That saying is the definition of black life in America. Many remember in the movie The Great Debaters, where Denzel Washington’s character references Willy Lynch, one of the early white supremacists, inventors of lynching, and author of How To Make African-American Slaves For A Thousand Years. In discussing how to make slaves useful, the idea was to ensure the physical strength, but mental weakness of the enslaved. He wrote of a system that would enable slave owners to control their slaves in order to ensure maximum productivity, with the least likelihood of rebellion. He writes, “Keep the mind, take the body! In other words, break the will to resist.”

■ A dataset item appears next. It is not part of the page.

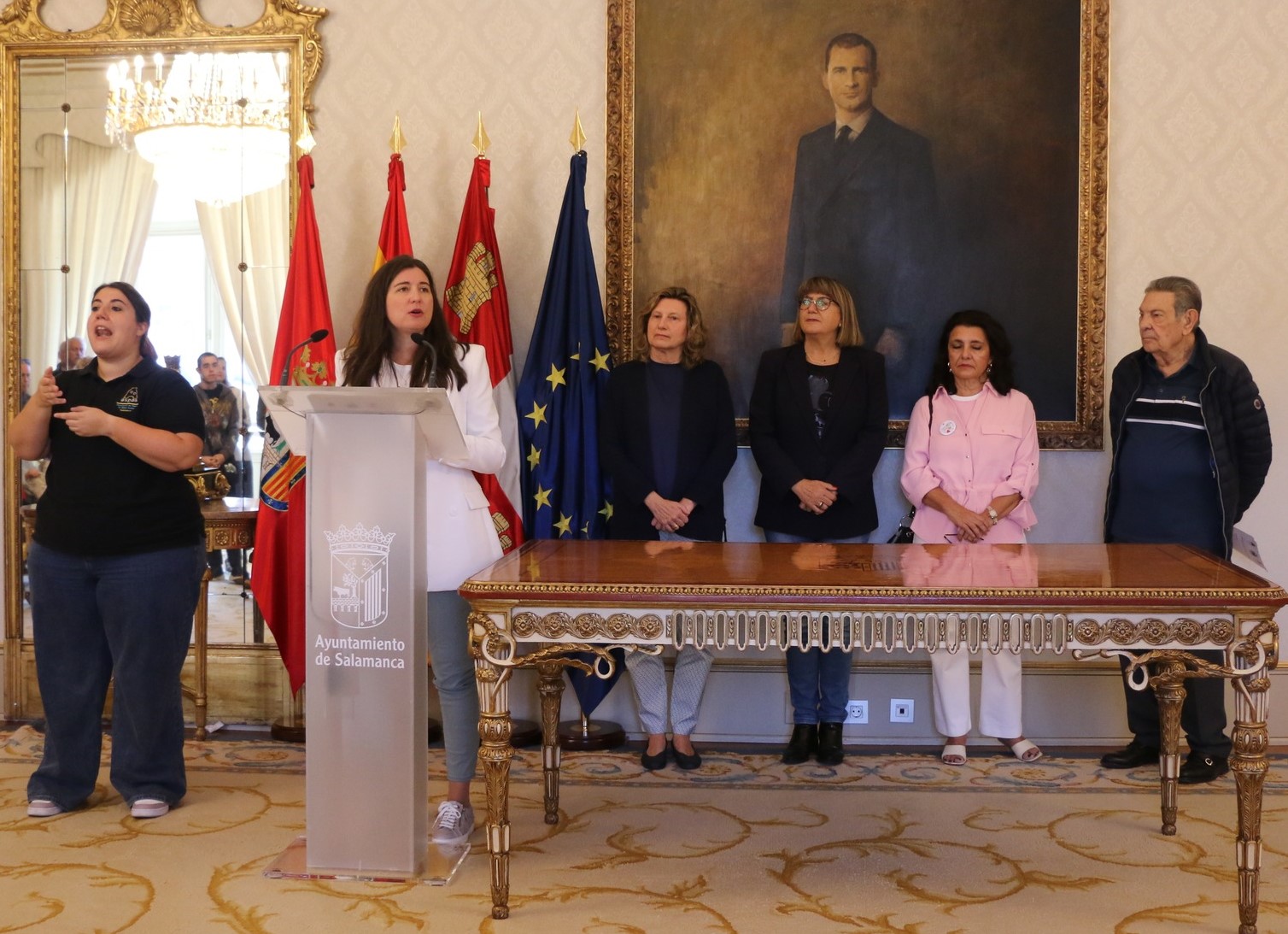  Salamanca visibiliza a las personas sordas y refuerza su compromiso con la inclusión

When Trump told owners to “get that son of a bitch off the field”, he was carrying not just the tradition of Willy Lynch, but the idea that black athletes value rests only in their body, and any other worldly pursuits should be abandoned. It’s that rhetoric that would have kept black folks from obtaining an education, from having the right to vote, and kept our enslaved ancestors from learning how to read. It is also the rhetoric that has kept Colin Kaepernick from a job, and a means from NFL owners to teach a lesson to the other field negroes that they just need to stick to sports, lest you end up like that other nigger who talked too much.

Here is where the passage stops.